#### DATA BLOCK
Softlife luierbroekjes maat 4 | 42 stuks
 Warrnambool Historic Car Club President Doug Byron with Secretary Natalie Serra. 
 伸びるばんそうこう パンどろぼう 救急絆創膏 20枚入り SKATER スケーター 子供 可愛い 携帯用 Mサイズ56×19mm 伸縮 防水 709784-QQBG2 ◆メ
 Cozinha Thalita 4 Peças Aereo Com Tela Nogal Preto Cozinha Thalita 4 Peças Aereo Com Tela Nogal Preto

#### ABOUT THIS TASK
From the first line to the last, restate the data above exactly.

#### WRITTEN SOLUTION
Softlife luierbroekjes maat 4 | 42 stuks
 Warrnambool Historic Car Club President Doug Byron with Secretary Natalie Serra. 
 伸びるばんそうこう パンどろぼう 救急絆創膏 20枚入り SKATER スケーター 子供 可愛い 携帯用 Mサイズ56×19mm 伸縮 防水 709784-QQBG2 ◆メ
 Cozinha Thalita 4 Peças Aereo Com Tela Nogal Preto Cozinha Thalita 4 Peças Aereo Com Tela Nogal Preto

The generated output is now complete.